- Leandro Herrero - https://leandroherrero.com -

The 4 hats of leadership: a review

I am reviewing an old pots on our 4 Hats leadership. The trouble with the talking about leadership is that we have made a big basket of it, and thrown in anything that looked and smelled like people making other people to do something.

Talking about leadership in general, makes for a great discussion but soon you will be stuck unless you start qualifying and going deeper. Talking about leadership as a generic is as good as talking about fatherhood as a concept. Soon you will want to hear more.

In the modern organization that I proposed is ‘powered’ by the Viral Change Platform/operating system [1], we have at least 4 types of leadership, which I call the 4 hats. This is not a classification of styles or (situational) requirements, but 4 ‘social mobilizing functionalities’

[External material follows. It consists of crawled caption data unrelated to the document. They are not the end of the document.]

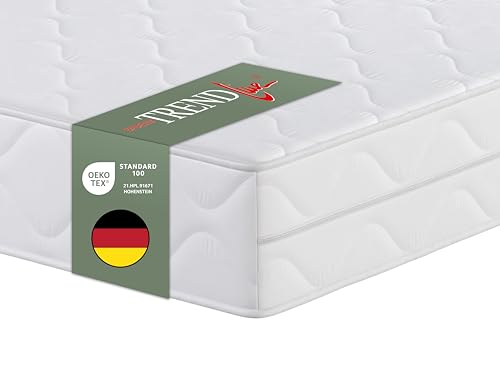 Badenia Trendline BT 100 2 in 1 Duo orthopädische 7-Zonen Komfortmatratze, Härtegrad 2 und 3, 140 x 200 cm, Öko-Tex zertifiziert, produziert nach deutschem Qualitätsstandard von Badenia Trendline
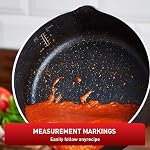 T-fal Signature 9pc Cookware Set, Non Stick pots and Pans, Non Toxic Cookware Set, Thermo-spot Heat Indicator, Dishwasher Safe, Black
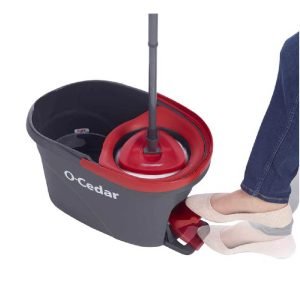 O-Cedar - Trapeador Giratorio De Microfibra EasyWring Con Sistema De Tobo Escurridor Manos Libres + 2 Recargas - Imagen 2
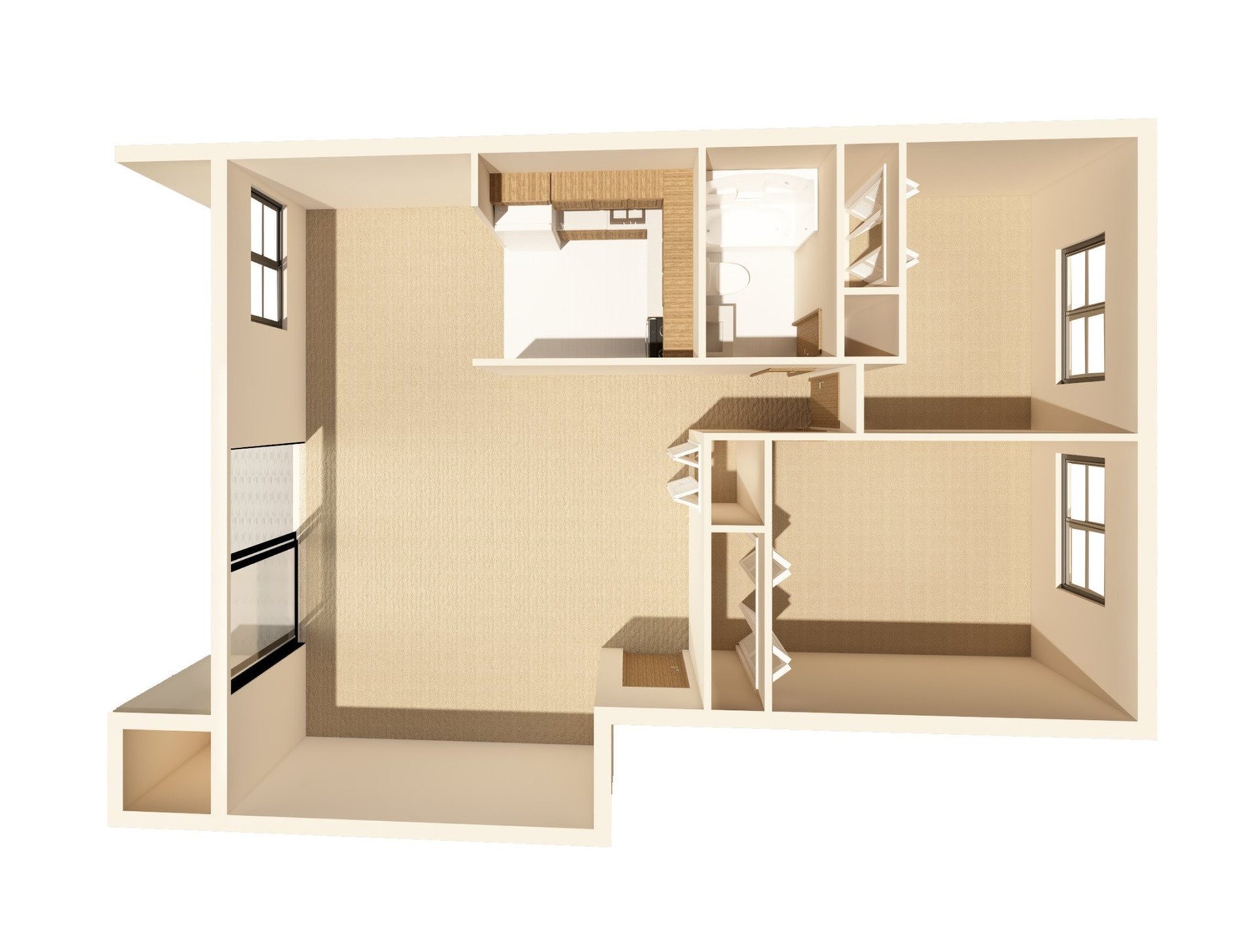 Lindenbrooke 2BD 1Bath 856sqft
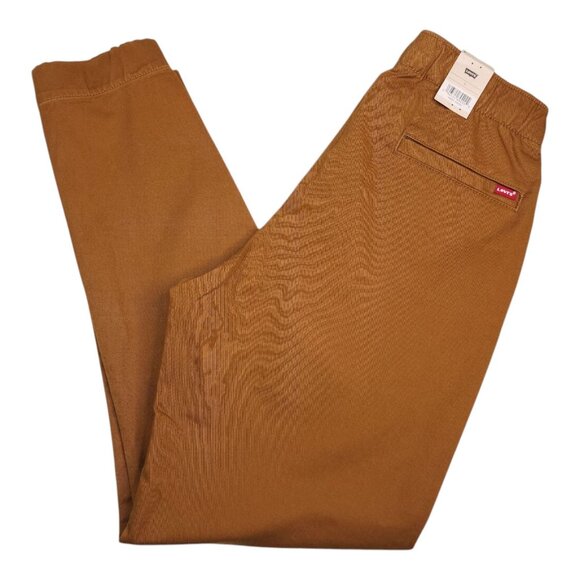 Levis XX Chino Joggers Elastic Waist Drawstring Pants Tapered Leg Mens Size S - Picture 12 of 12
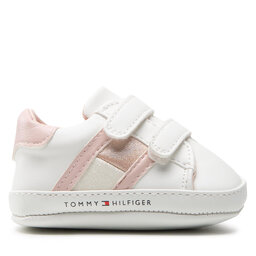 

Снікерcи Tommy Hilfiger Velcro Shoe T0A4-32111-0724 White/Pink X134, Білий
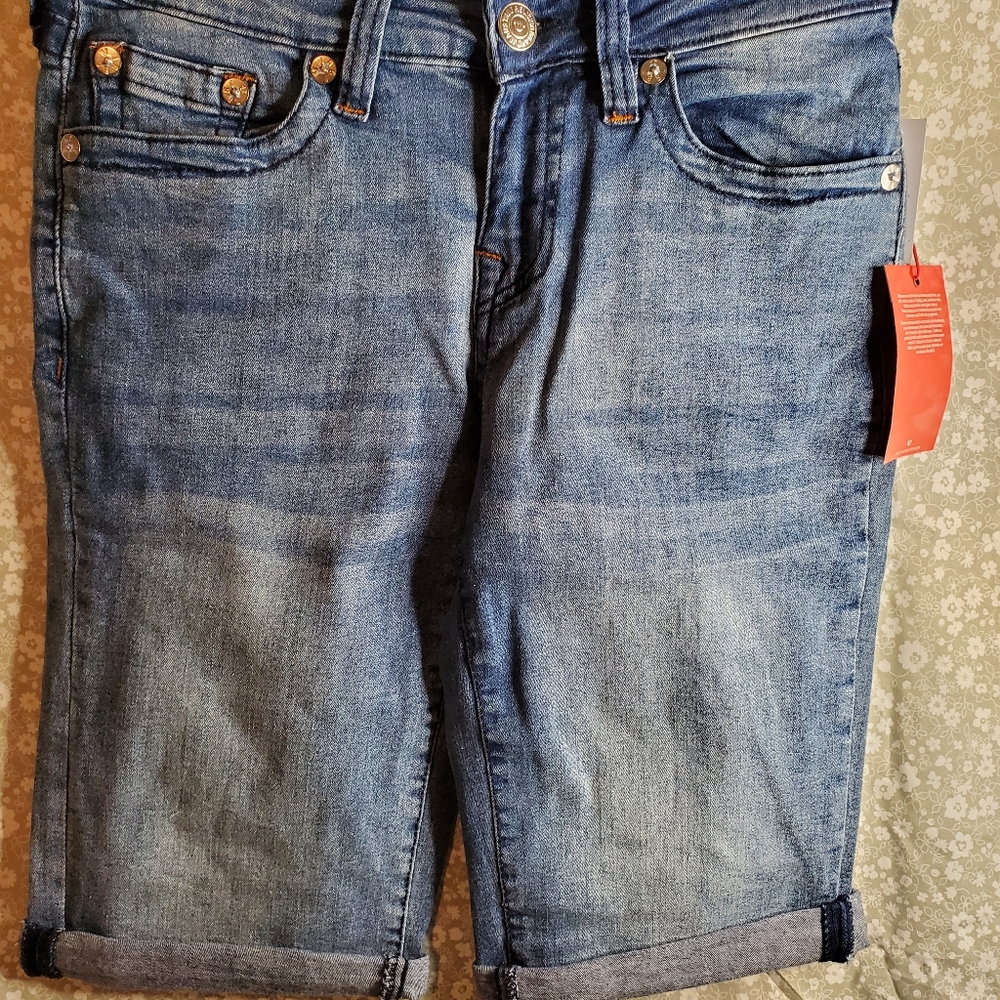 True Religion Big Boys Geno Shorts Sz14 NWT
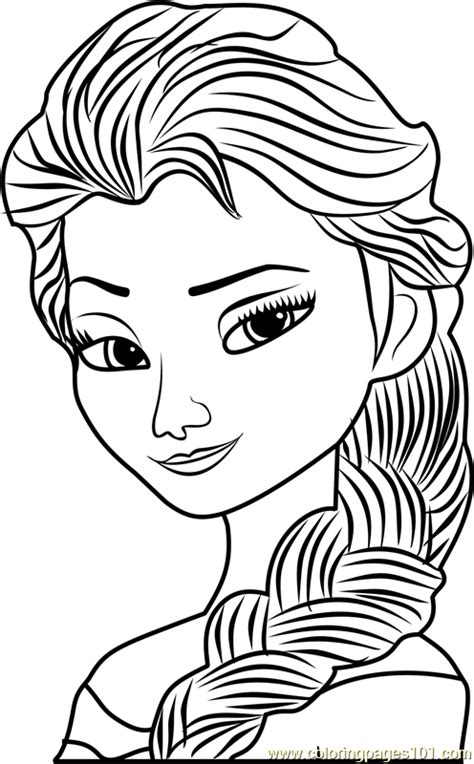 Coloring picture of an excavator: Elsa Face Coloring Page - Free Frozen Coloring Pages ...
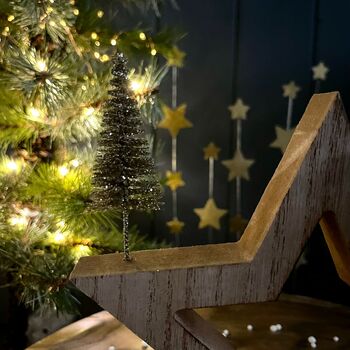 Fairy On Wooden Cut Out Star Decoration, 4 of 4
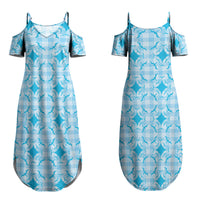 Polu Hawaii Iwa Bird Palaka Motifs Couples Matching Summer Maxi Dress and Hawaiian Shirt LT14 - Polynesian Pride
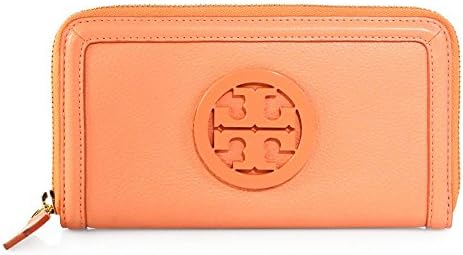 Tory Burch Amanda Continental Zip-around Wallet - Cantaloupe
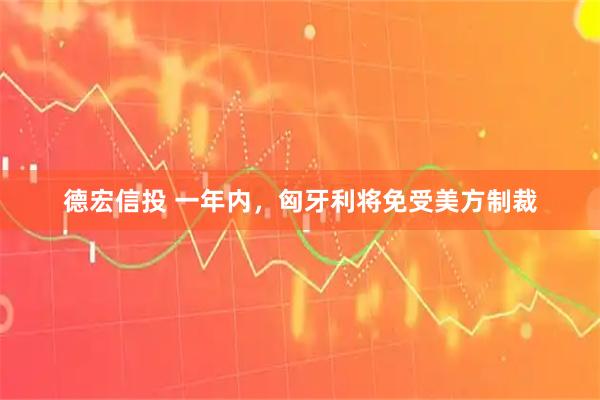 德宏信投 一年内,匈牙利将免受美方制裁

  1. Hat 1: The hierarchical leadership. The most well known, that positions the leader in a particular ‘network slot’, read, role. This is the top down system that is documented in those organization charts/organograms. This hat is the one you need to wear in order to set guidelines and expectations, inspire, role-model, and ensure performance and reward. This leadership hat dwells in the formal organization.
  2. Hat 2: Distributed leadership. A relative small number of individuals in the organization are highly connected and have great influence (good or bad). These sometimes called ‘informal leaders’ lead outside the hierarchical lines. They are leaders in their own right even if they have not been formally recognised as such. In the Viral Change™ Operating System, the key is connectivity/influence, and position in the network. We find the Gladwellian classification [2] of influencers as connectors, mavens or salesmen, intellectually appealing and mostly useless. When these ‘small’ leader community is asked by Hat Ones to get involved, they may receive a label such as Champions, or Change Agents. All labels here (the above plus ambassadors, advocates, etc) have pros and cons. When culturally we are not creating a problem (!) we call them activists. I like the word act within.
  3. Hat 3. Backstage Leadership™. The distributed engine of leadership represented by the highly connected influencers (tribe) could go on its own. Hierarchical leadership would be foolish to think that it can ignore this distributed leadership. On the contrary, it needs to be nurtured, supported and, dare I say, treated as precious gem inside the tent. This is leadership from the back, backstage, or providing and giving the stage to those with non hierarchical influence. In the Edelman Trust Barometer, horizontal, peer-to-peer, non hierarchical influence and trust is twice as much as that of the CEO. In our own research, the top highly connected (distributed leadership) people in the organization ‘reach out’ twice as much people than the top leadership. (Top Influencers 2, Top Leadership 1 (Hierarchical power in the organization is half of the ‘peer-to-peer’ power) [3]
  4. Collective Leadership. This is the collective pull-capability of the organization, the sum of all, the equivalent of the type of horsepower of a car. Strong leadership at the top is not necessarily a condition to have high collective leadership power. Spending considerable amount of time and resources fixing ‘the top leaders’ may be a right thing to do, but may also be a distraction towards creating collective leadership. That the latter follows the former, is a convenient, if weak, assumption.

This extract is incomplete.